__Activity__. Repeat the listing below word for word, minus the pictures.

__Source records__.
=== Begin Enclosure ===
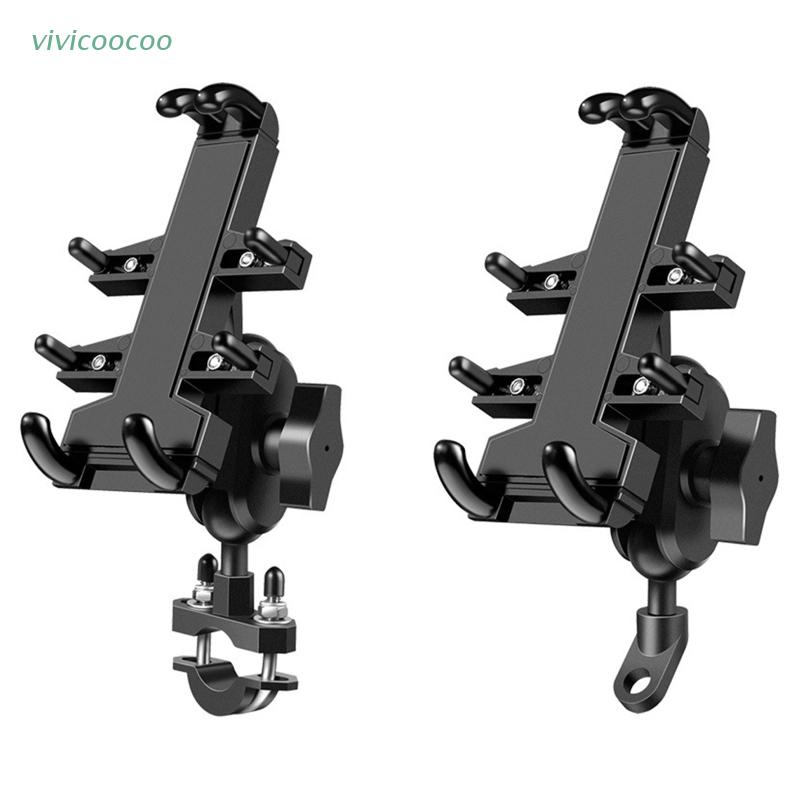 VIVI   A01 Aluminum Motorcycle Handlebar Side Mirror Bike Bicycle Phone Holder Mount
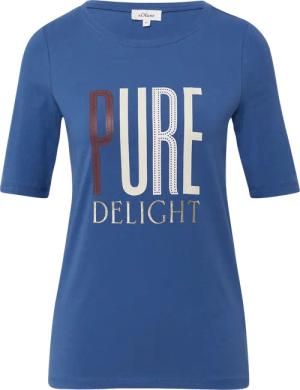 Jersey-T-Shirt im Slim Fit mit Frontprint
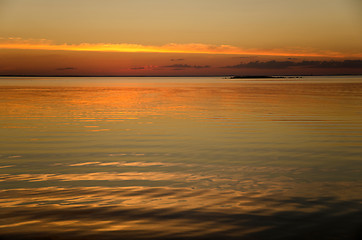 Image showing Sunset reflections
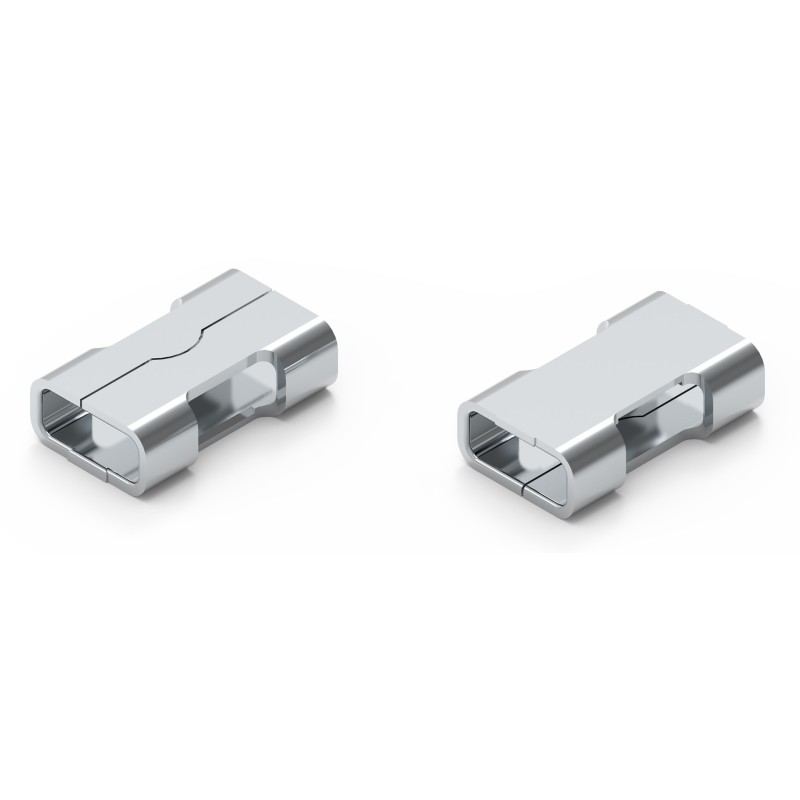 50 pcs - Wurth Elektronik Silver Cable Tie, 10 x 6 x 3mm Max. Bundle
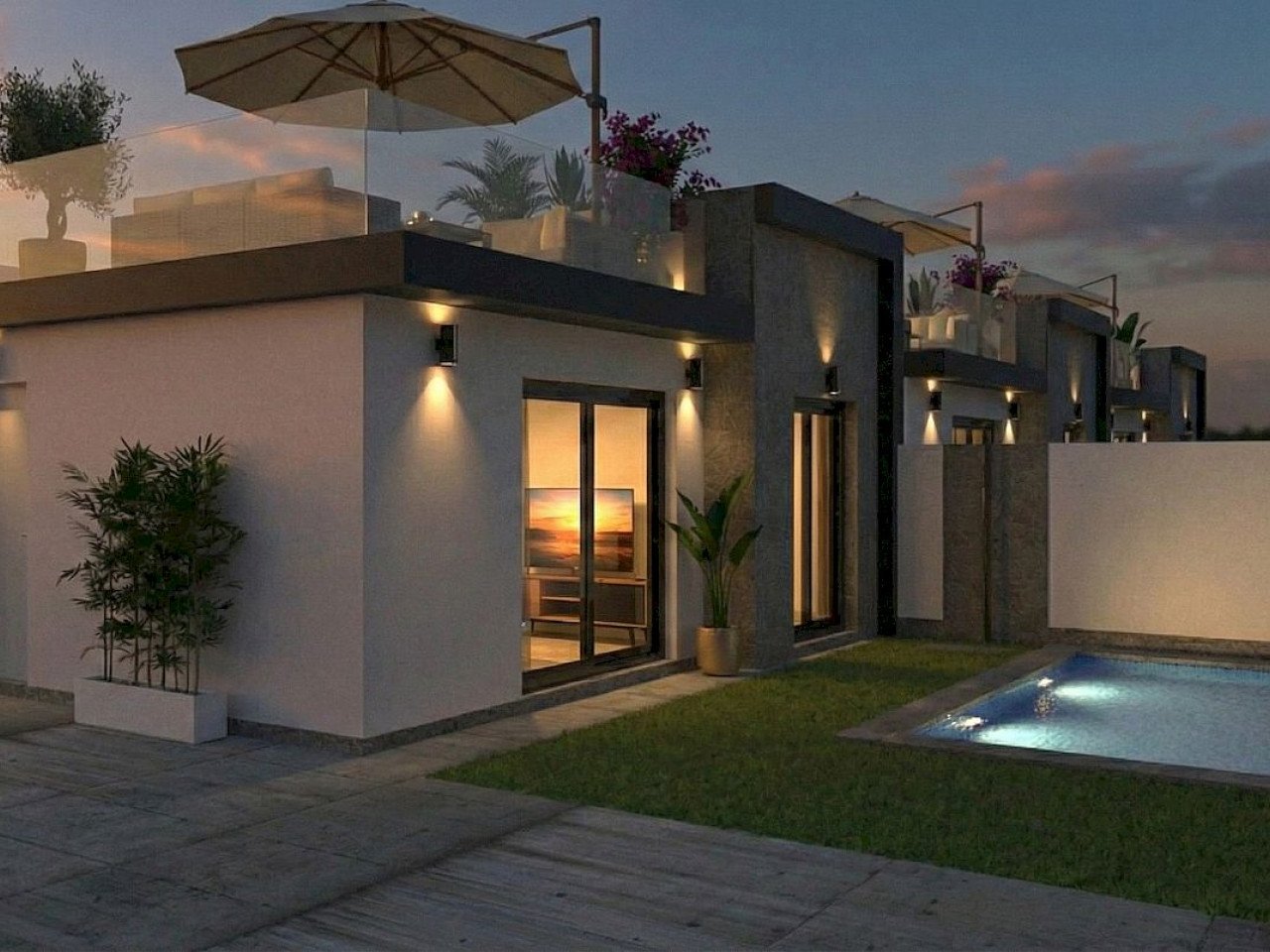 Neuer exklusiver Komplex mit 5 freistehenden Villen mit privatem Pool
=== End Enclosure ===
__Finished task__.
 VIVI   A01 Aluminum Motorcycle Handlebar Side Mirror Bike Bicycle Phone Holder Mount
 Jersey-T-Shirt im Slim Fit mit Frontprint
 Image showing Sunset reflections
 50 pcs - Wurth Elektronik Silver Cable Tie, 10 x 6 x 3mm Max. Bundle
 Neuer exklusiver Komplex mit 5 freistehenden Villen mit privatem Pool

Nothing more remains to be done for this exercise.